人の身体には元来、外から移植された臓器に対して拒絶反応を示し、これを排除しようとする性質(免疫反応)があります。この薬は免疫抑制剤といわれるもので、内服はこの拒絶反応を抑え、移植組織の定着を助ける働きがあり、またベーチェット病における眼の症状などにも効果があります。そのほか、全身に広がった難治性の尋常性乾癬にも用いられます。点眼液は抗アレルギー薬では効果が得られないような春季カタルに用いられます。 

副作用

内服では腎臓、肝臓、膵臓、造血器、代謝系の障害や、多毛が起こることがあるので、服薬中は医師の指示による検査を受けることが大切です。
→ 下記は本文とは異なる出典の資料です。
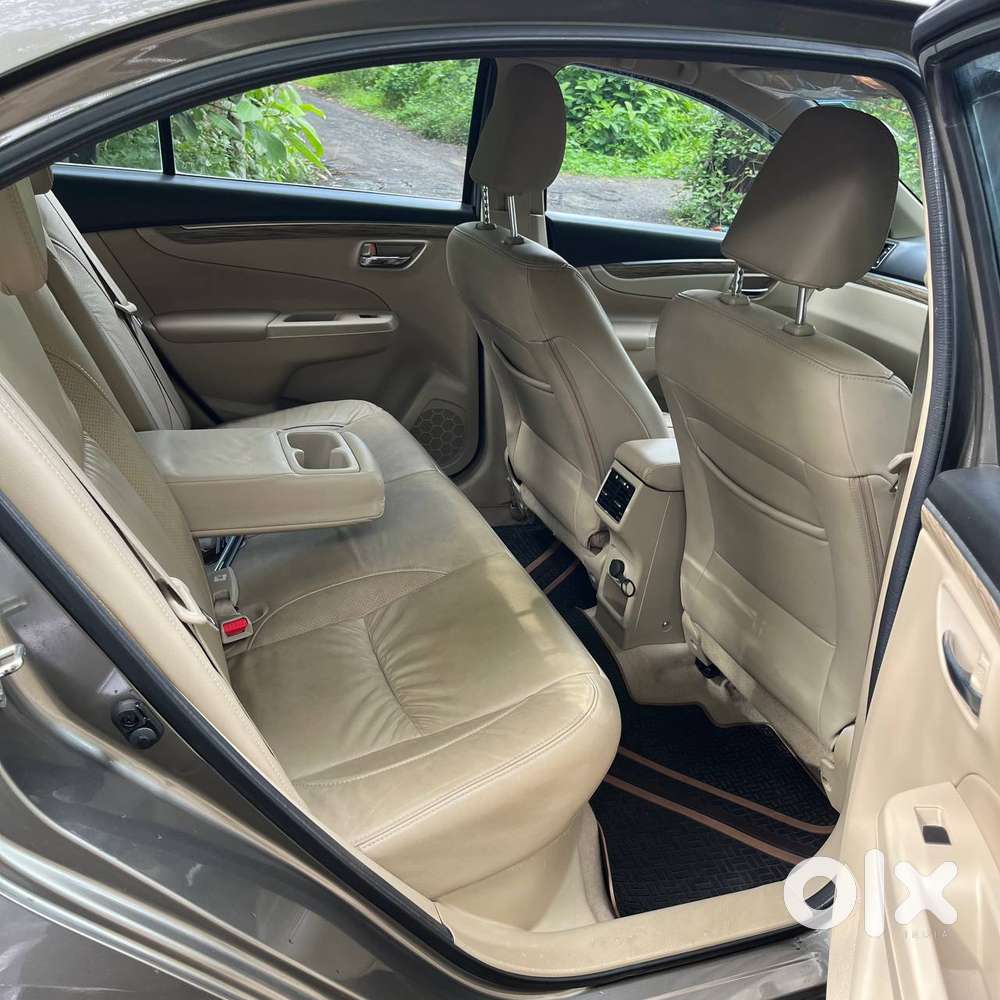 Maruti Suzuki Ciaz Smart Hybrid Alpha , 2021, Petrol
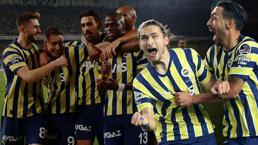 Büyüka yıldız oyuncuya övgü yağdırdı: Fenerbahçe yatıp kalkıp ona dua etsin, 3 adamlık oynadı!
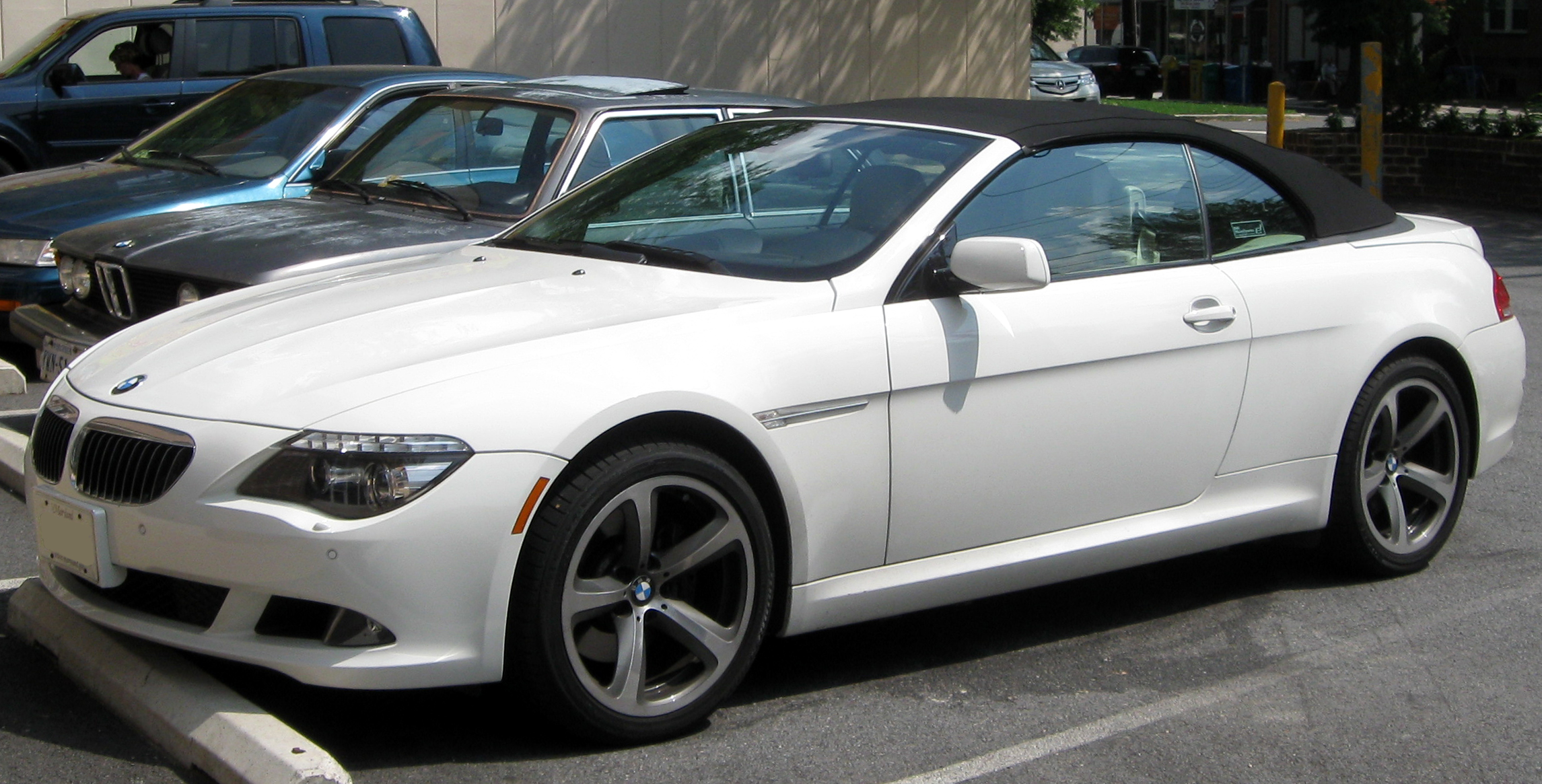 BMW 650ci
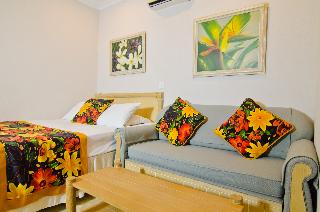 Hawaii Resort Family Suites @ Anyer Beach fotoÄŸrafÄ±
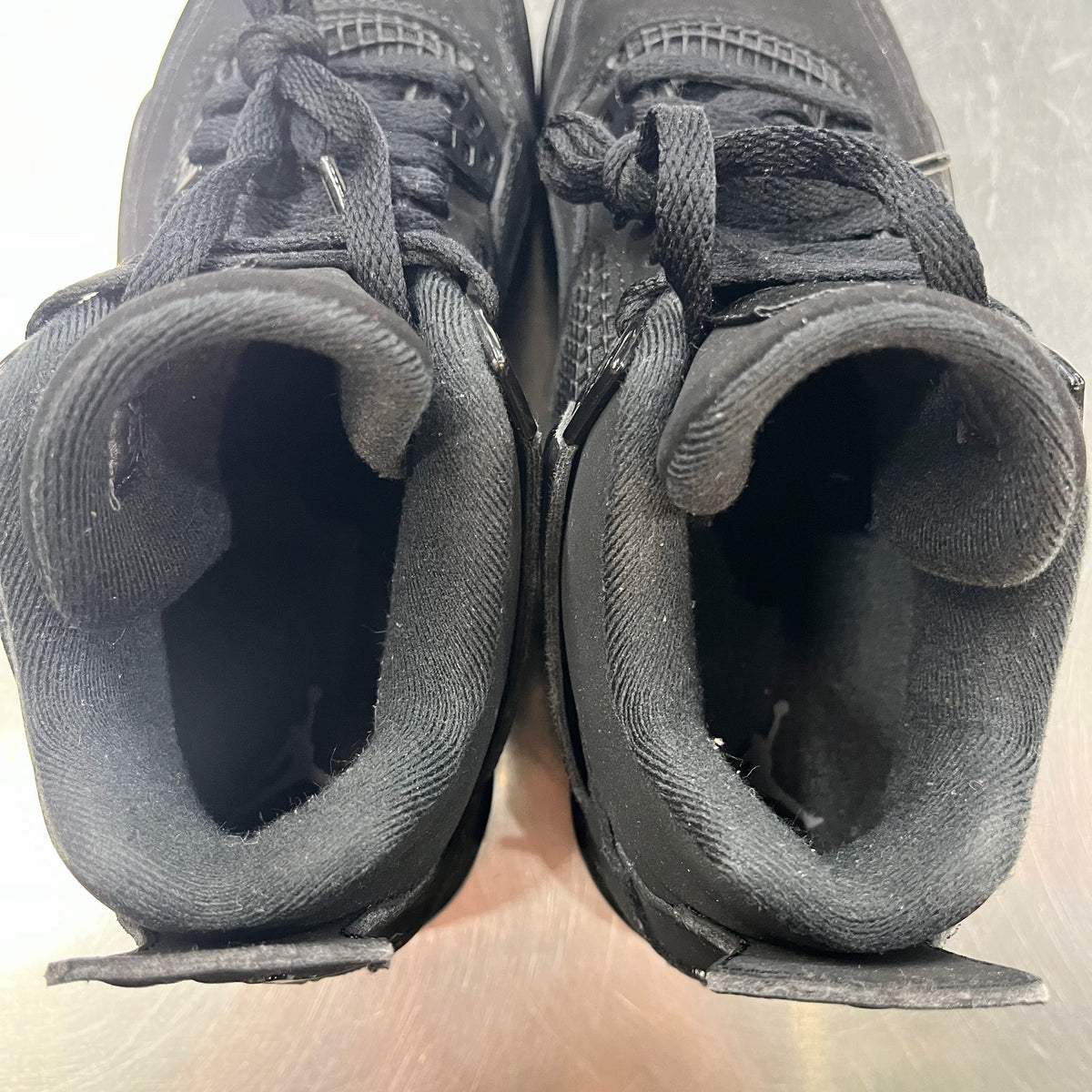 【US5Y】 AIR JORDAN 5 RETRO GS 408452-010 【USED】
また、胃腸障害、頭痛、しびれなどが起こることもあります。この薬を続けると、免疫が抑制され、感染症になりやすいので注意しましょう。ときに溶血性貧血、血小板減少、横紋筋融解症を来すことがあり、中枢神経障害の症状などの報告もあります。ネオーラルの内用液、カプセル(10、25、50mg)はサンディミュンより体内での利用率が高められているので、切り換え時にシクロスポリン中毒を起こすことがあり、注意を要します。併用薬による相互作用も多い薬で、他剤の併用で本剤の効きすぎによる中毒作用、逆に併用で本剤の効きが悪くなることもあります。点眼液では眼の刺激感、かゆみが起こることがあります。